### What the task requires
Answer with a bare number: the count of lines in the data below that contain the word "Football".
Records to process section start
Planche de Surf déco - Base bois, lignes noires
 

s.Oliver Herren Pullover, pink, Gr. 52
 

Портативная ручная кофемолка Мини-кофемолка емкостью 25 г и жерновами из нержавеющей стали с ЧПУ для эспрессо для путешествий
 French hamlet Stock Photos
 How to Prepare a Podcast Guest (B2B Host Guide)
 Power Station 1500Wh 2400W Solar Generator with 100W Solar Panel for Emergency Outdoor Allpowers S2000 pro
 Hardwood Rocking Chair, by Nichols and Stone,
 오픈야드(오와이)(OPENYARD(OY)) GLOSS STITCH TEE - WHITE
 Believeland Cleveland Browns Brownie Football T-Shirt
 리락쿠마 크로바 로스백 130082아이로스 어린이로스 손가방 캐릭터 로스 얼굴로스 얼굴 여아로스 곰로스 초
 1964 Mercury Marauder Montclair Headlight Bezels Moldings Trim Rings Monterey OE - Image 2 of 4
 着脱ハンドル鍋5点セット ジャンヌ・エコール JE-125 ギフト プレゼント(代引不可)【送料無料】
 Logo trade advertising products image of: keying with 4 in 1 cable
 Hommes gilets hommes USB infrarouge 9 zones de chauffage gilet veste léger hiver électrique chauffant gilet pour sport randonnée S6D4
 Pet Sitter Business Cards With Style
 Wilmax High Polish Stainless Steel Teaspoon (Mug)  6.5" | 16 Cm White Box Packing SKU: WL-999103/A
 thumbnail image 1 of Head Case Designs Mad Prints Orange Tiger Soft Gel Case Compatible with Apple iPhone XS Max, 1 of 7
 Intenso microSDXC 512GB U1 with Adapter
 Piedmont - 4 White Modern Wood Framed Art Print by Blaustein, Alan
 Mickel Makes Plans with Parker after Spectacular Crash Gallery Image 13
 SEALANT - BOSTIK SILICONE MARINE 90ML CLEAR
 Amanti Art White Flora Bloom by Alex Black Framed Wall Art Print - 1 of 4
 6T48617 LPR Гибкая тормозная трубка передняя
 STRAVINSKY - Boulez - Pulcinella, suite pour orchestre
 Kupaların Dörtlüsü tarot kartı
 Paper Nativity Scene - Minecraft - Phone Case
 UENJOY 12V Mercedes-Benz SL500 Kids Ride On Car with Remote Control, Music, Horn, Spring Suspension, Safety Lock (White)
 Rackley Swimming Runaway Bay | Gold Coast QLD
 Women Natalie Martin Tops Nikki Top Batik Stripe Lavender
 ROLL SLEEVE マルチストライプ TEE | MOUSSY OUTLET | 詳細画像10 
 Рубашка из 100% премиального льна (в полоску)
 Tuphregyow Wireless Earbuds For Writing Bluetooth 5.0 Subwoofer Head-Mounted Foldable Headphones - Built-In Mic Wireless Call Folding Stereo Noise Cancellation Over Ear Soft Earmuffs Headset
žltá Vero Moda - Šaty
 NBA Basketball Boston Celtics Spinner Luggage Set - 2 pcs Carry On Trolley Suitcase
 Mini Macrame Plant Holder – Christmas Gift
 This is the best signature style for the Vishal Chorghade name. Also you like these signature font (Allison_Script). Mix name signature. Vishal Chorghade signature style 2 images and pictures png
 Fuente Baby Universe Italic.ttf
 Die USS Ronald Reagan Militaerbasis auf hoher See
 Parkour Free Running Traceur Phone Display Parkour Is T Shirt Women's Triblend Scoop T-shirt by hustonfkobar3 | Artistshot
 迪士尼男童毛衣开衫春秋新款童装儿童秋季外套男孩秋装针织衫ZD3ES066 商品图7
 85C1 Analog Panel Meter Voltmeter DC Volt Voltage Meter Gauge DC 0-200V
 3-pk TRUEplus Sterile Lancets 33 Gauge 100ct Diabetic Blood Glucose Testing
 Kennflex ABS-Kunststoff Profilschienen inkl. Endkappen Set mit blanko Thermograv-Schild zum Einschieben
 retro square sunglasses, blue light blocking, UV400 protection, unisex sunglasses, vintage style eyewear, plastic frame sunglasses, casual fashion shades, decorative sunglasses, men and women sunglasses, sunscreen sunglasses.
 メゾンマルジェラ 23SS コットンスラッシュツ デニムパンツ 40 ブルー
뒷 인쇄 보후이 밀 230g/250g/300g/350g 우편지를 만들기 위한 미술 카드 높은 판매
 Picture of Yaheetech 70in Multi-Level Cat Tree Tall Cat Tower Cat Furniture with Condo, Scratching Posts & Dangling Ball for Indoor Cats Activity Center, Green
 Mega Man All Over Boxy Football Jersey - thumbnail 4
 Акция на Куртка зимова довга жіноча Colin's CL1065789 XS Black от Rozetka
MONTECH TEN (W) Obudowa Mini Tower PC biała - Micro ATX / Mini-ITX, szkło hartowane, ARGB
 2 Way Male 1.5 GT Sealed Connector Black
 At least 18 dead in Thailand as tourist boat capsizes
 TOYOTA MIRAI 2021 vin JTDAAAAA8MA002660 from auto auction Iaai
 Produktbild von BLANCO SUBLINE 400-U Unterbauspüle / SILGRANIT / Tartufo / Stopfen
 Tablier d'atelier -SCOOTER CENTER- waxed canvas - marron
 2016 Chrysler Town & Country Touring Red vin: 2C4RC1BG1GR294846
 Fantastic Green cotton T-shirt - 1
Records to process section end
### Result of the task
2